Time to go Public – IPO Mania
As many as 36 companies were listed on 2017 raising a whopping Rs. 65,000 crores. A lot of Insurance companies (SBI, HDFC and ICICI, General Insurance of India, New India Assurance) and Asset Management companies (Reliance Asset Management, Aditya Birla Capital) became public.

RERA- Breathe of Fresh air for home buyers
Though passed by both Rajya Sabha and Lok Sabha in 2016, the Real Estate (Regulation and Development) Act finally came into force on 1st May 2017. The bill aims to regulate real estate industry, protect home buyers and boost investments in real estate as an alternative vehicle. For a long time, real estate price remained stagnant, demand being very slow. Major highlight of the bill is that it brings transparency to customers and accountability on developers on future projects.

Depositor’s money on stake? FRDI bill tabled on parliament
Depositors spent the last month of the year in fear of loosing their money. The reason – “Bail in” Clause in the Financial Resolution and Deposit Insurance Bill. This issue became a hot topic in the media and listed as one of the most contentious bill in India. Fundamentally “Bail-In” means depositor’s money as well as other creditor’s money can be used to fund the sick financial institution in case of incapability of operating further.

A proposed resolution to the mounting NPA problem – Amendment of IBC Bill
The Amendment Bill of Insolvency and Bankruptcy Code, 2017 seeks to replace the existing framework while protecting the interest of creditors. Currently, it is a long cumbersome process and doesn’t offer an economically viable arrangement. This bill restricts ineligible persons like wilful defaulters to break free of debt by paying only a portion of their due.

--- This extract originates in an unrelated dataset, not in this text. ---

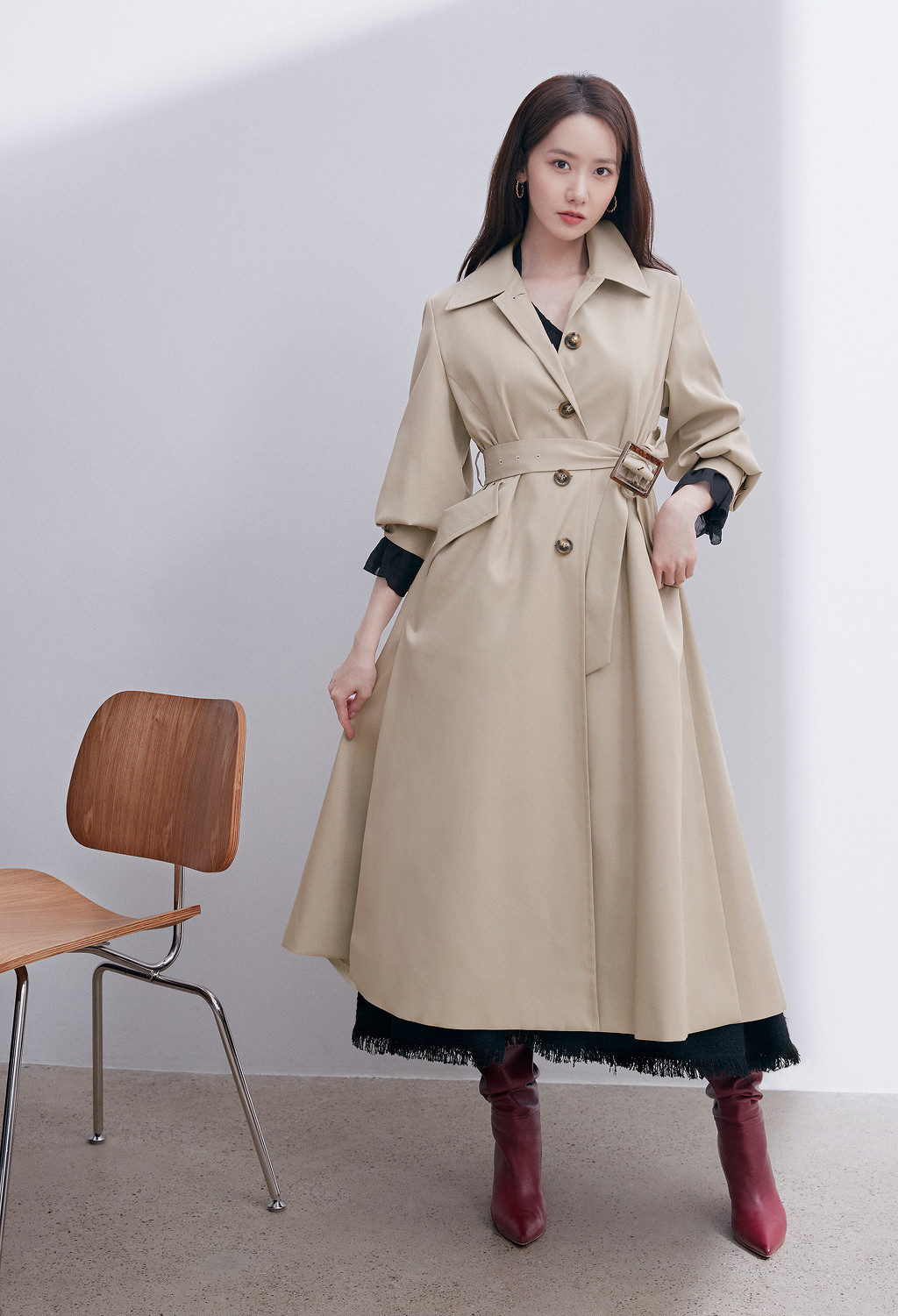 996133505F66A0F5148859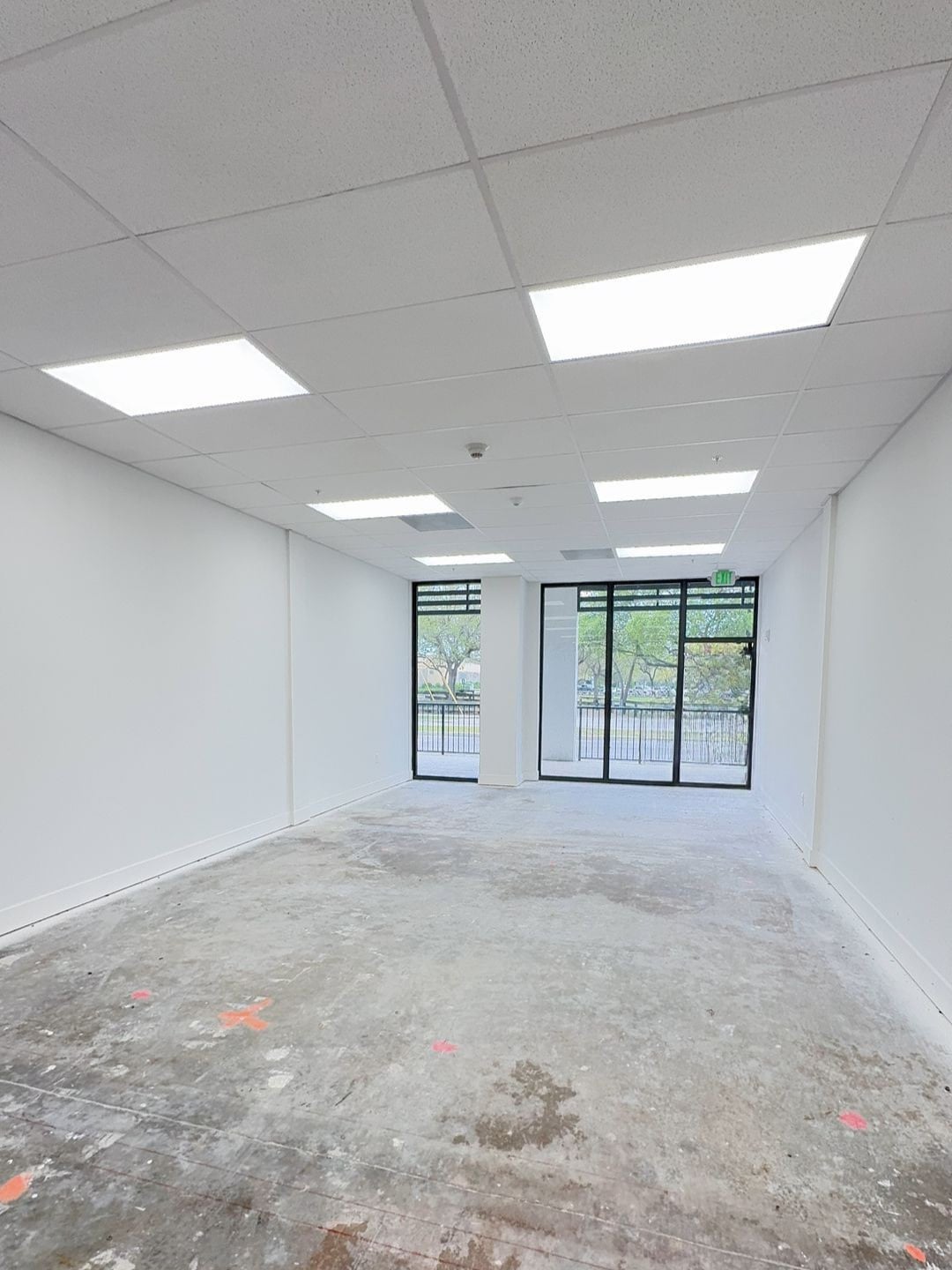26215 S Dixie Hwy, Homestead, FL à louer Photo intérieure– Image 1 sur 1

You will notice a few common themes running in these events – there has been steady migration from physical assets (real estate, gold) to financial assets (mutual funds, stocks), demonetization accelerated this movement. On the business front, there has been migration from unorganized to organized ones, GST has been the key enabler.

As we start 2018, take a moment to relook at our most important life goals. Let us make the required commitment part of our habit, so that we get closer to our goals without much thinking.